Read Allegiance (Joe Logan Book 4) Online
Authors: Michael Kerr
Della followed Logan’s instructions. The house was secure and in darkness. After putting on a thick sweater and jeans, she also donned a padded parka with a quilted lining, and armed with a flashlight, and with her cell phone, a small bottle of water and a pack of cigarettes and her lighter in the pockets, she opened the door to the basement, switched on the light and locked the door behind her. At the bottom of the steps she walked over to where the breaker panel was fixed to the cinderblock wall at chest height, to open the hinged metal door, seek out the main switch and click it to off.
The darkness was profound. She gasped, almost panicked, and felt as if the gloom was sucking the air from her lungs. Surely no blind person could experience a more intense blackness. It was totally disconcerting. She thumbed on the flashlight and shone it around. There was an old wicker chair over by the boiler. She would sit and wait, and hope that it wouldn’t be for too long. But first she needed a weapon of some kind. There were no tools, just a few mildew-stained cardboard boxes full of memories that she could not face looking at; that at some point in time she would have to sort through. All she could find was a sweeping broom with a long beech wood handle; not exactly lethal, but maybe it could be modified. Placing the flashlight on the chair, Della picked up the broom and held it in what she imagined to be a decent baseball bat grip. Her strike was not at a ball, though. She lashed out at the corner of the boiler, and with a loud, splintering crack the head of the broom flew off to hit the far wall and drop to the cement floor in a shadow-filled corner. Inspecting her work, she smiled. The end of the handle had split and now looked like a pointed stake. She had a homemade weapon of sorts, which she could utilize as a long club or a spear.

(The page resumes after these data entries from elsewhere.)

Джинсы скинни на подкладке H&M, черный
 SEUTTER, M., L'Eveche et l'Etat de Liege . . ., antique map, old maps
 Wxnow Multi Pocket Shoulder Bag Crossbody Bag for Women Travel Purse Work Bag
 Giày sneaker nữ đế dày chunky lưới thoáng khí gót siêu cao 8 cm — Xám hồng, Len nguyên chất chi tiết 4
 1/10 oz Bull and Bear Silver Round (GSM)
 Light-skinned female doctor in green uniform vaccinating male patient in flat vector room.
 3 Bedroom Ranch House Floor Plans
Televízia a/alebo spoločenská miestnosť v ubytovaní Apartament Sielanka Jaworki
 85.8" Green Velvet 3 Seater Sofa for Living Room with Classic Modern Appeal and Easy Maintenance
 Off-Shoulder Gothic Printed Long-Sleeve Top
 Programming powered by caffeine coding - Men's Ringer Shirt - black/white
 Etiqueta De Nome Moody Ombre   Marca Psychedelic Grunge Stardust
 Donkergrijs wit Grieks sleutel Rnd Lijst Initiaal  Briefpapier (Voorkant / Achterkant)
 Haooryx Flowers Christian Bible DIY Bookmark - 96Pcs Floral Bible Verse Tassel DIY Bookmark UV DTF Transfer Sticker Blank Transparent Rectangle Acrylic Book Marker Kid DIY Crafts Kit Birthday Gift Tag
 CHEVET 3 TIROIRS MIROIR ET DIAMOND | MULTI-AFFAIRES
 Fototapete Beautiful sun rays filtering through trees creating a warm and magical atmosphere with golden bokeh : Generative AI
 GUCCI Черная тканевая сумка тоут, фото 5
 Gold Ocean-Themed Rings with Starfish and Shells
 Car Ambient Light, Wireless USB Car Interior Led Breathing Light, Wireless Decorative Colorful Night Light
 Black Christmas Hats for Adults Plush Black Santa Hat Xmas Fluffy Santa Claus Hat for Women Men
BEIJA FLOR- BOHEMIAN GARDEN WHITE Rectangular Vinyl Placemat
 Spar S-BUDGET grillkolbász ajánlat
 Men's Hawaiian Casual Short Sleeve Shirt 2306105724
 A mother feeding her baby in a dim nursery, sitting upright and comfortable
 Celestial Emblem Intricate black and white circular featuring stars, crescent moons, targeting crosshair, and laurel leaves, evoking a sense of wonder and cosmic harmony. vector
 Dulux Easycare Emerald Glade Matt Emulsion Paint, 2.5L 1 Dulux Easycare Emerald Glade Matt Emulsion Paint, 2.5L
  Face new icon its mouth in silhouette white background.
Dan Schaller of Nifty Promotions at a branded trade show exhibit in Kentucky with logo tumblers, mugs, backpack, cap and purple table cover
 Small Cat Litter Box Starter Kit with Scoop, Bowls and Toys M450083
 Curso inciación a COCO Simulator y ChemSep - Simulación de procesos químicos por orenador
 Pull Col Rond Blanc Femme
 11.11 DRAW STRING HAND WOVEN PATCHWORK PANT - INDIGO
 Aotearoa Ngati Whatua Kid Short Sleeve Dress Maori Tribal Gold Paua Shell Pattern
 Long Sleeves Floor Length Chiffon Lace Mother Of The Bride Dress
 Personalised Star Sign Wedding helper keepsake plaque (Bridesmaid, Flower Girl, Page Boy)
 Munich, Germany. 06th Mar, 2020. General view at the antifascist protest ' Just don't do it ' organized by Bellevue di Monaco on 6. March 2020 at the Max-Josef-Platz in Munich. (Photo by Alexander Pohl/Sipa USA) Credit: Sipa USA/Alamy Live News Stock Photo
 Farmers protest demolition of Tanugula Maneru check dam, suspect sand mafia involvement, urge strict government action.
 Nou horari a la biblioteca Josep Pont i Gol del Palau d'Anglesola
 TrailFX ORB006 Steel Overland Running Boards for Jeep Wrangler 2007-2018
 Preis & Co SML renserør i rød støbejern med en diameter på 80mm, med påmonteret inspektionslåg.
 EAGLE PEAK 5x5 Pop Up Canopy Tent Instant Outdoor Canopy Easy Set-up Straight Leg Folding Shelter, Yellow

Time crawled by. Her cell was on vibrate but remained as still as a rock. She was cold, tired, had smoked at least five cigarettes, and was losing her belief that Joe Logan would come to her aid. The mind could play tricks when almost all stimuli were removed.
Of course Joe would come, and soon now
.
The noise was faint, but she knew that it was footsteps above her. A floorboard creaked and she gripped the broom handle tightly and stood up. Someone was in the house, and if it had been Joe, he would have phoned.
Dr.
Perry Gifford took the chart from the holder hooked over the end rail of the bed and studied it. He had been about to end Arnie Newman’s life hours previously, but a nurse had entered the room and asked him to attend another of his patients in the main unit, who had survived a major abdominal surgical procedure but was now hemorrhaging copiously from his anus and had suffered a seizure. The patient subsequently expired on the operating table and, after a break to grab a shower and a coffee, Perry was once more at the side of Arnie’s bed, all set to inject him with nothing more subtle than a large syringe full of air, to occlude the coronary arteries and cause a massive cardiac infarction, that in his present critical state the patient would not survive.
Perry did not want to do it, but had no choice.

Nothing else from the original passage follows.